Physicists Miguel Arratia and Shawn Westerdale at UC Riverside have each been awarded a grant from the U.S. Department of Energy, or DOE, to fund their research. Arratia will lead a project titled “Toward quantum imaging of nuclei.” Westerdale will lead a project titled “Developing low-threshold liquid argon time projection chambers with photo-sensitive dopants for dark matter and neutrino experiments.”
The two assistant professors of physics and astronomy join 89 early career scientists from across the country who were selected by the DOE as “the next generation of STEM leaders to solidify America’s role as the driver of science and innovation around the world.” Each award is approximately $875,000 over five years. The awardees were selected based on peer review by outside scientific experts.
Arratia’s project will contribute to our understanding of how quarks and gluons form the atomic nucleus. While this is not yet clear, quantum imaging can help by providing detailed “pictures” of their positions, movements, and interactions. Arratia’s experiments at the Thomas Jefferson National Accelerator Facility will use a powerful electron beam to investigate various nuclear targets, from lithium to lead.
“We want to use electron scattering experiments to map the 3D structure of the atomic nucleus,” he said. “It’s like using an electron microscope, but with enough detail to distinguish features due to the core building blocks.”
Westerdale’s project aims to improve the detection of fundamental particles. Liquid argon can detect fundamental particles because it produces strong signals when particles interact with it. One type of detector, a time projection chamber with photodetectors, can measure faint signals from interactions in liquid argon.

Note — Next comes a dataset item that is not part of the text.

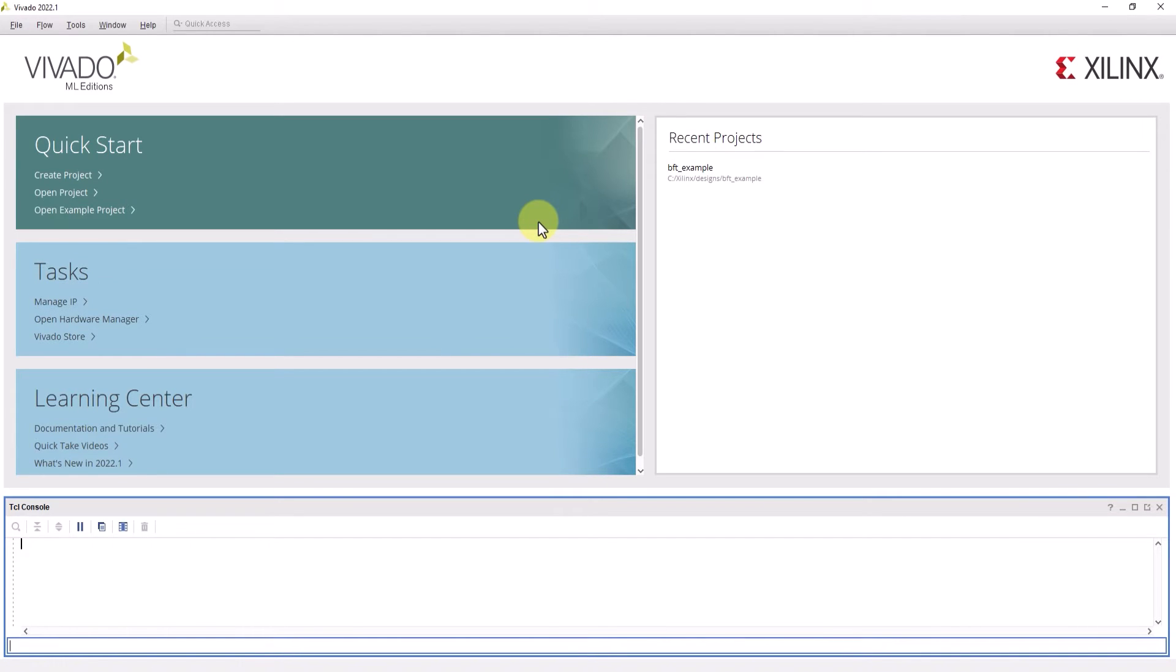Hello everybody, my name is Chantel and welcome to another ActiveHDL video. In this video, I'm going to be going over simulation and debugging with Xilinx Vivado.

Westerdale’s project aims to improve these detectors by adding “photo-sensitive” dopants to the liquid argon.
“Adding photo-sensitive dopants to dark matter and neutrino detectors filled with liquid argon will cause the detectors to make larger signals and allow signals from lower-energy interactions to be efficiently measured above noise,” he said. “These properties will allow faint signals from light dark matter candidates or neutrinos to be measured, and such detectors will be readily scaled to very large sizes so that they can measure rare interactions.”
Shan-Wen Tsai, chair of the Department of Physics and Astronomy, said in exploring profound questions about what makes up our universe Arratia and Westerdale will develop advanced instruments in their labs that push the boundaries of scientific exploration.
“This instrumentation provides training and research opportunities for undergraduate and graduate students and postdocs, as well as outreach opportunities to K-12 students, community college students, and the general public,” she said.